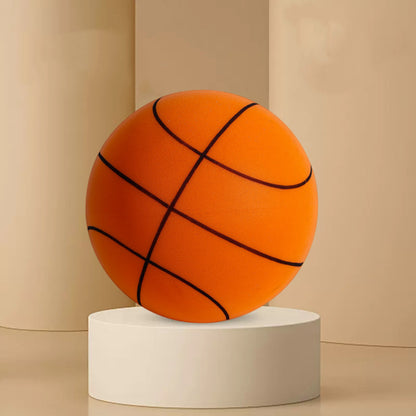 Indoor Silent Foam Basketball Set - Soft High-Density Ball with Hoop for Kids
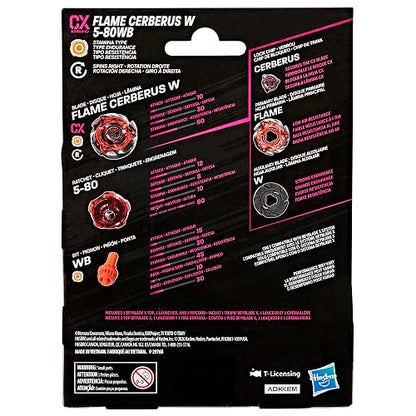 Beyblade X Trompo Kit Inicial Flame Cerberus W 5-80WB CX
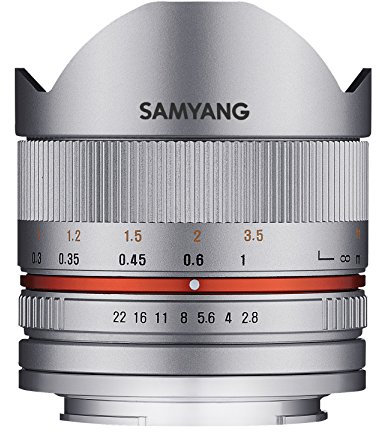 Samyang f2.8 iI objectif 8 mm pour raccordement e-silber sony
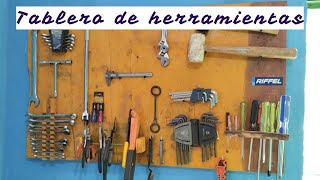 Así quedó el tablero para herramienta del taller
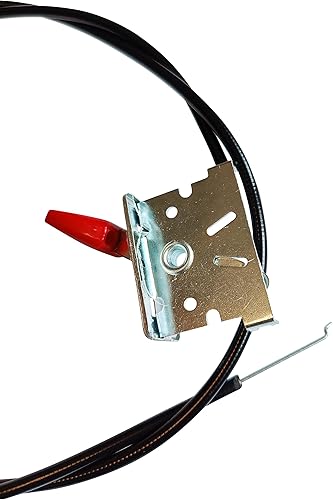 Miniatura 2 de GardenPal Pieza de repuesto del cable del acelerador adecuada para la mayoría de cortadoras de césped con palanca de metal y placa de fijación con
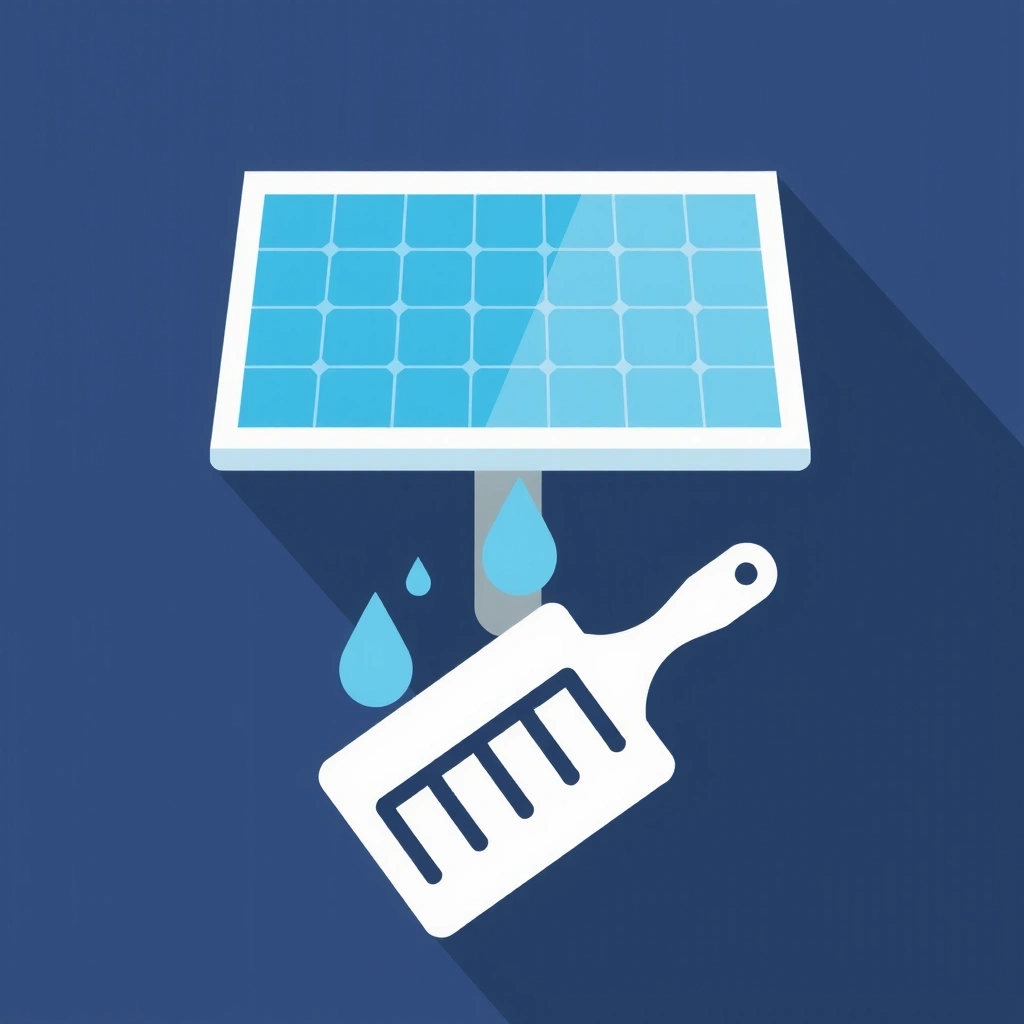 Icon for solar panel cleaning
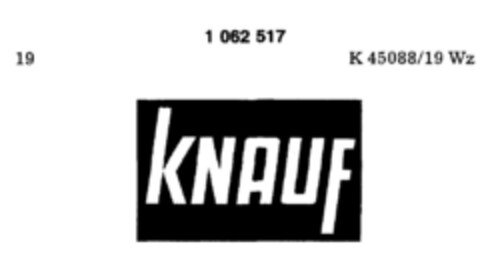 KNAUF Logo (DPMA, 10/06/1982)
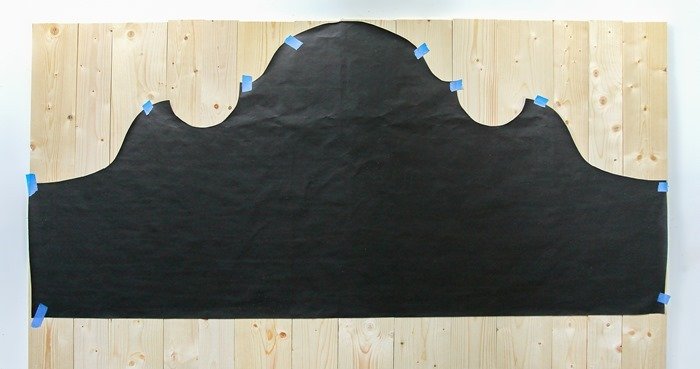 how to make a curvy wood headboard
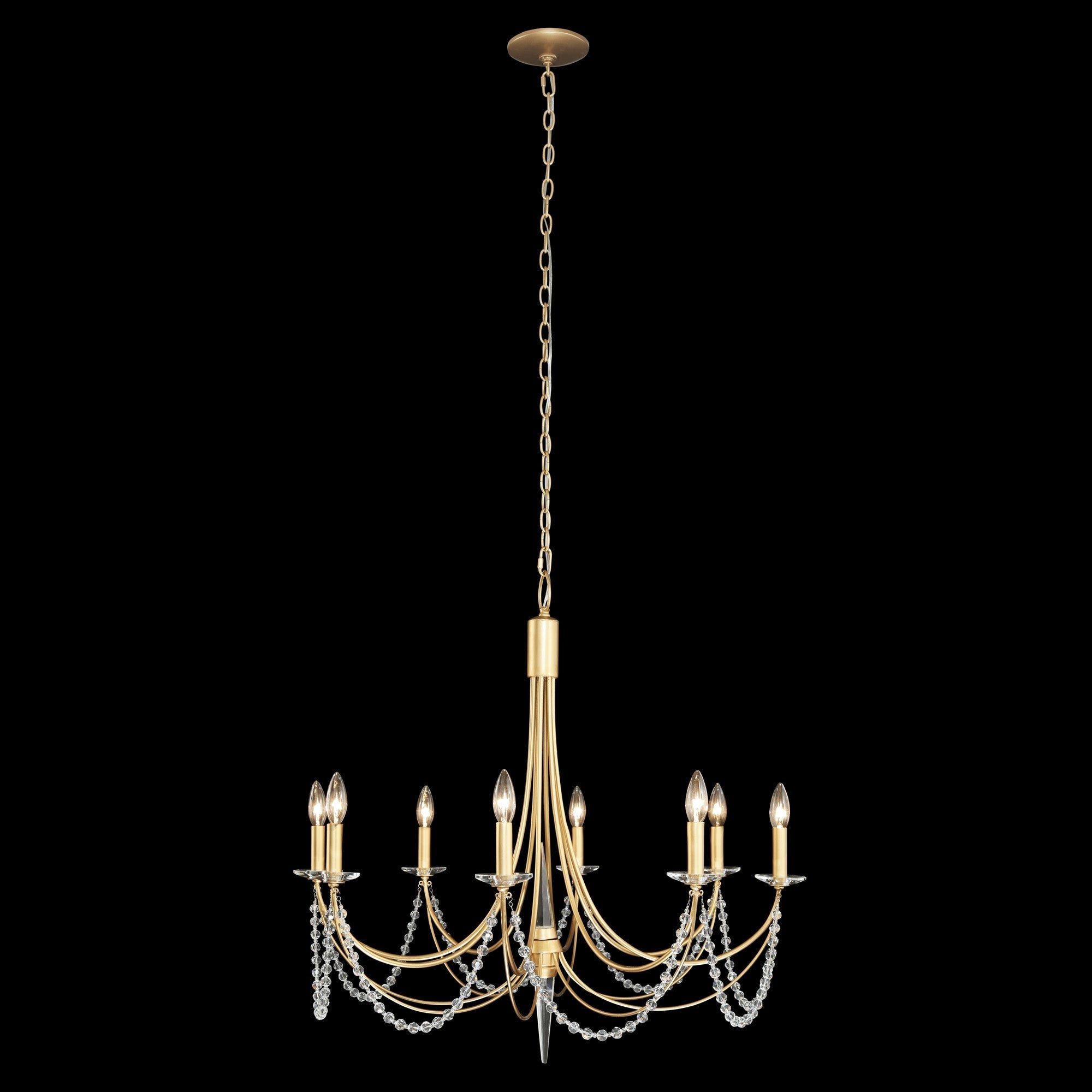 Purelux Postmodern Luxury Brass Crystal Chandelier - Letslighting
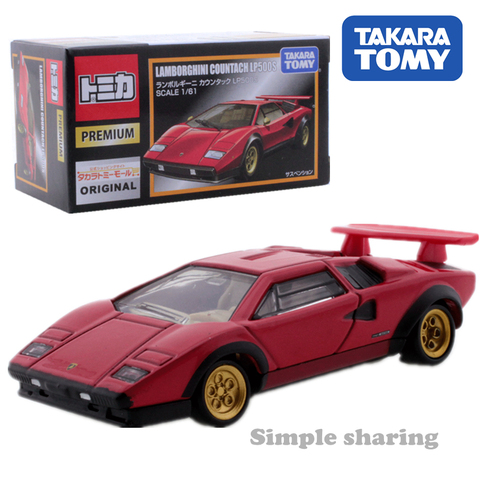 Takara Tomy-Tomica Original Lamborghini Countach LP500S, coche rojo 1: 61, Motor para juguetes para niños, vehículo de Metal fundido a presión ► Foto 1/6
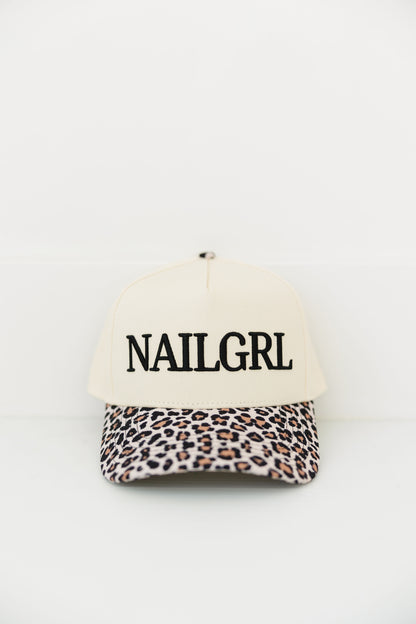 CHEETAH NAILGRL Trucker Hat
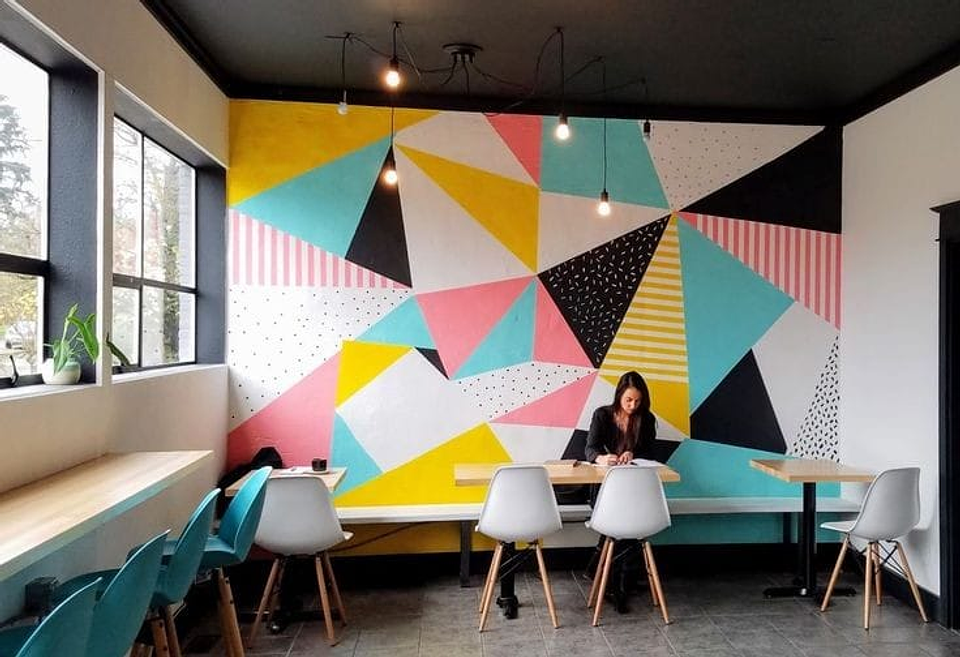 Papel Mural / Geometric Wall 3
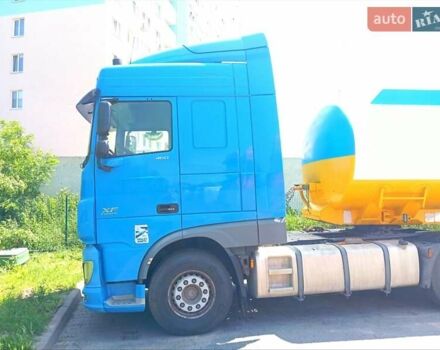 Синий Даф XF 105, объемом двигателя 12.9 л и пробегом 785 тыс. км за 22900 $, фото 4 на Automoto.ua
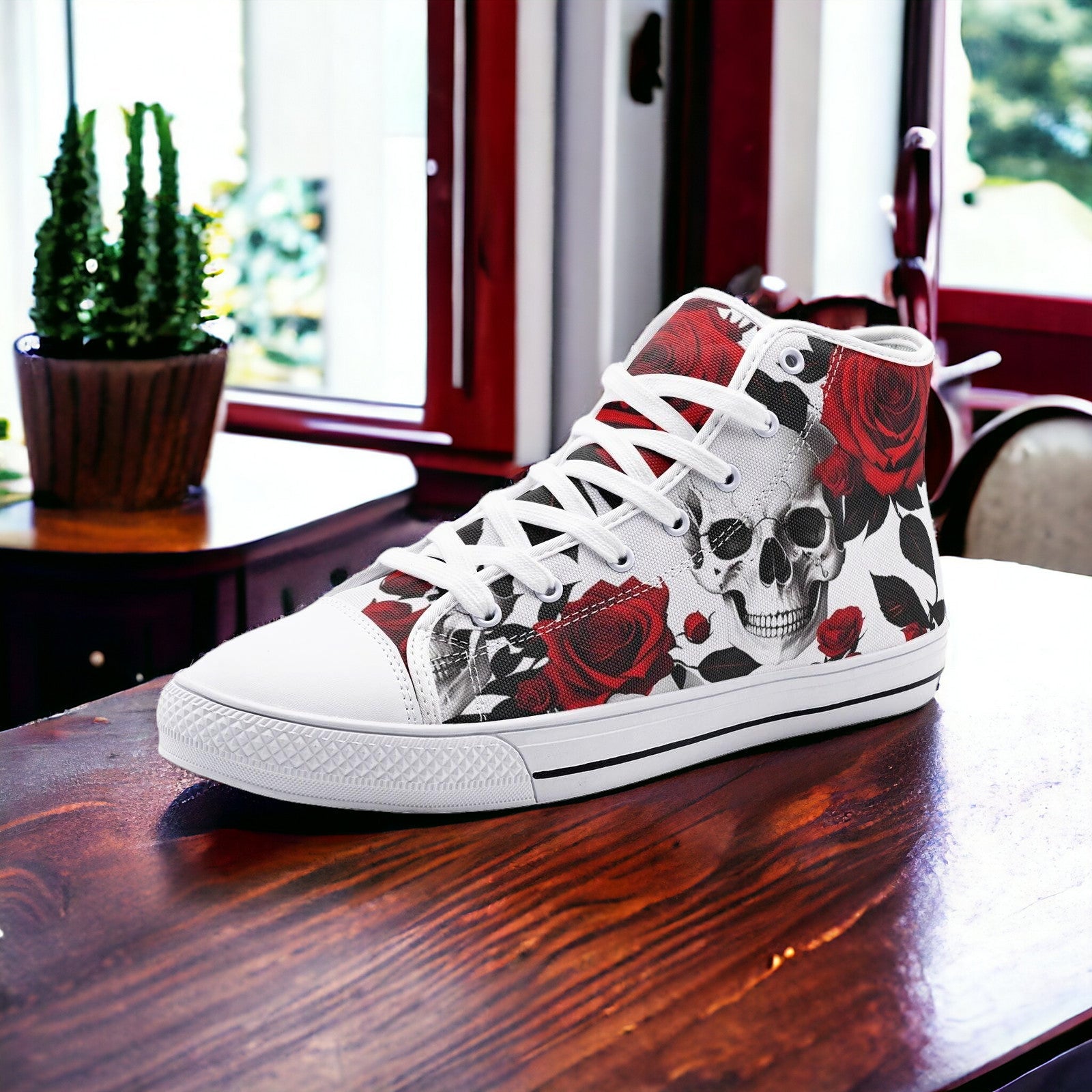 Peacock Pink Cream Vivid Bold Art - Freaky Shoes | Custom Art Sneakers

========================================

◆ What is needed
Beginning at the line with "Purelux Postmodern Luxury" and ending at the last line of the listing above, retype each line exactly, including those two lines. Leave the pictures out.

◆ Response for this exercise
 Purelux Postmodern Luxury Brass Crystal Chandelier - Letslighting
 Takara Tomy-Tomica Original Lamborghini Countach LP500S, coche rojo 1: 61, Motor para juguetes para niños, vehículo de Metal fundido a presión ► Foto 1/6
 CHEETAH NAILGRL Trucker Hat
 Papel Mural / Geometric Wall 3
 Синий Даф XF 105, объемом двигателя 12.9 л и пробегом 785 тыс. км за 22900 $, фото 4 на Automoto.ua
 Peacock Pink Cream Vivid Bold Art - Freaky Shoes | Custom Art Sneakers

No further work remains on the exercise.